## Data for processing
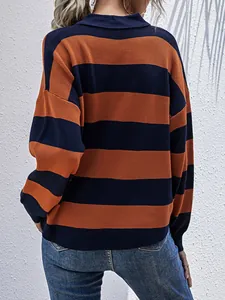Back view of a casual retro striped lapel knit sweater in orange and navy blue stripes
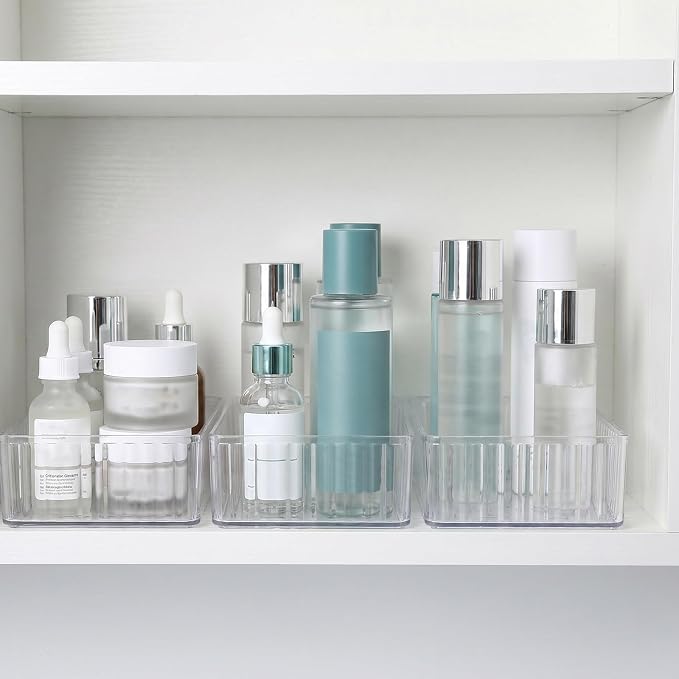 10pcs Vanity Drawer Organizer Trays with Removable Dividers and Raised Edges, Flexible Pet Storage Bins for Makeup, Skincare, Kitchen Utensils, and Bathroom Counter Organization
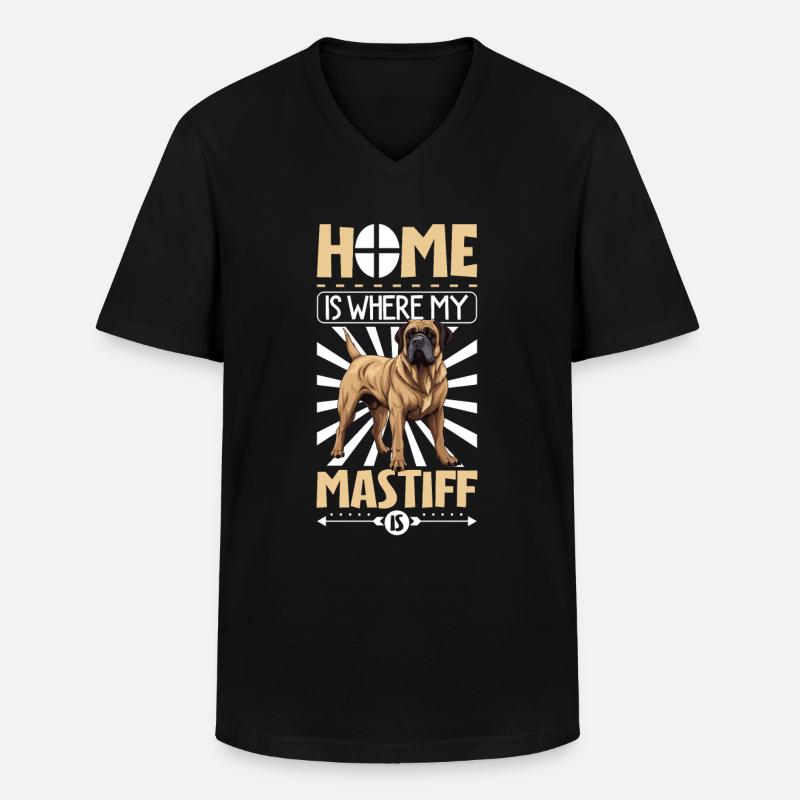 Zuhause - Assyrian Mastiff - Männer-T-Shirt mit V-Ausschnitt - Schwarz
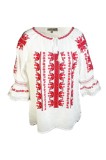 Bluza tip ie dama RM 128, marime 2XL, alb/rosu bordo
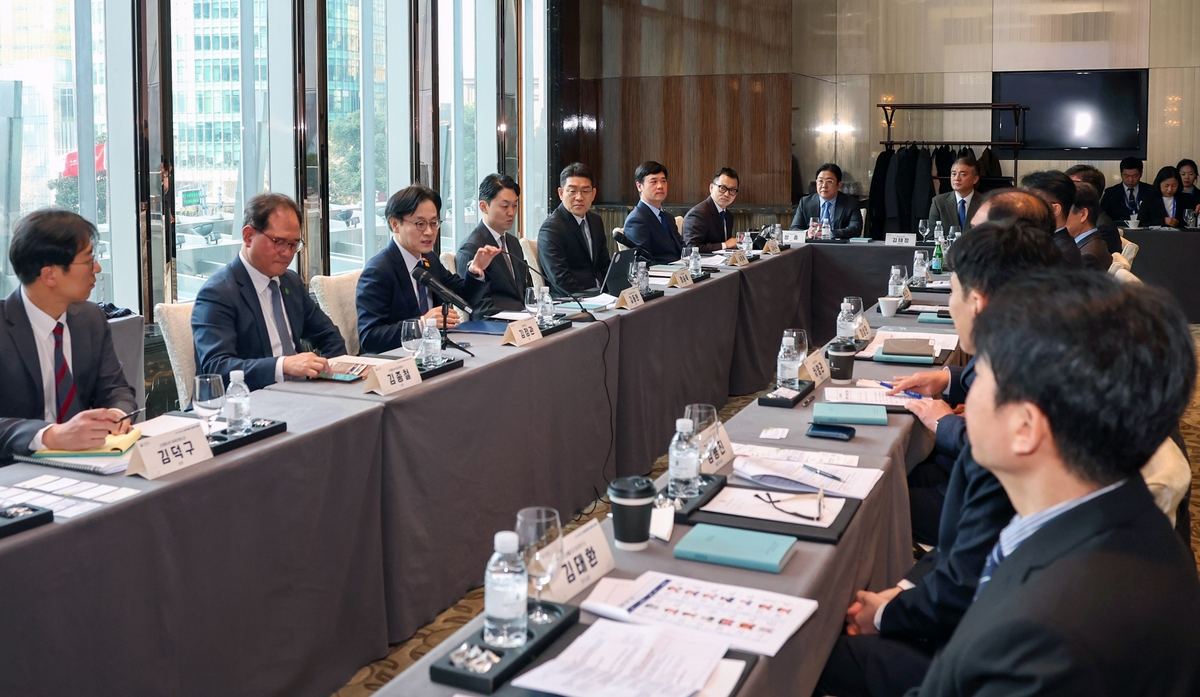 ▲7일 상하이 리츠칼튼 호텔에서 산업통상부가 주재하는 중국 진출 한국 기업 간담회가 진행되고 있다. (사진제공=디오)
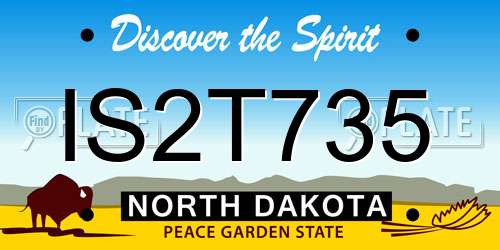 IS2T735 North Dakota License Plate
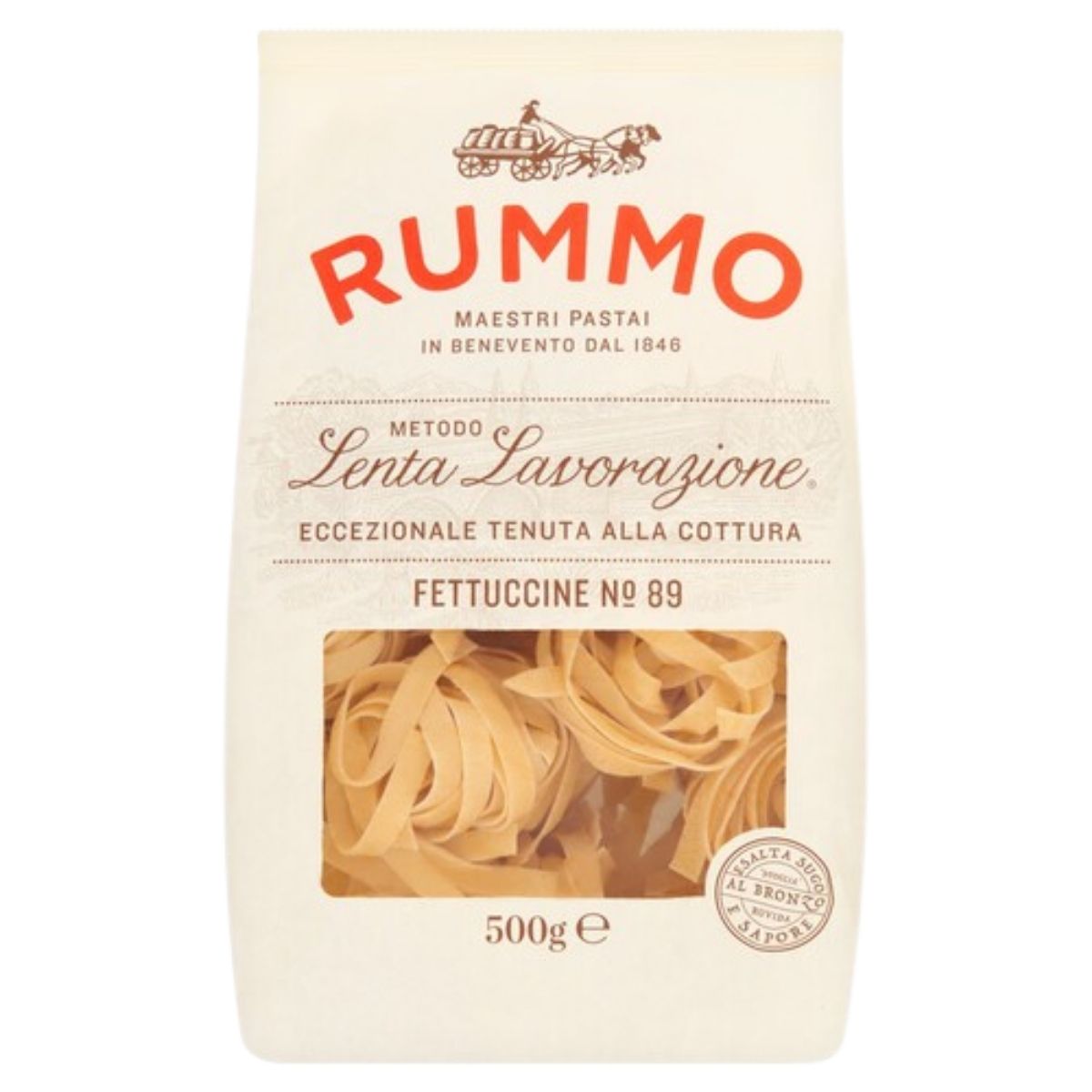 Rummo - Fettuccine No.89 (500g) is premium durum wheat semolina pasta from Rummo, featuring Italian text on the packaging and a window to view the fettuccine inside.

## Assignment
Could you repeat exactly the lines from the one containing "Zuhause - Assyrian" to the last line of the records, both included, and leave out every picture?

## Solution for this exercise
 Zuhause - Assyrian Mastiff - Männer-T-Shirt mit V-Ausschnitt - Schwarz
 Bluza tip ie dama RM 128, marime 2XL, alb/rosu bordo
 ▲7일 상하이 리츠칼튼 호텔에서 산업통상부가 주재하는 중국 진출 한국 기업 간담회가 진행되고 있다. (사진제공=디오)
 IS2T735 North Dakota License Plate
 Rummo - Fettuccine No.89 (500g) is premium durum wheat semolina pasta from Rummo, featuring Italian text on the packaging and a window to view the fettuccine inside.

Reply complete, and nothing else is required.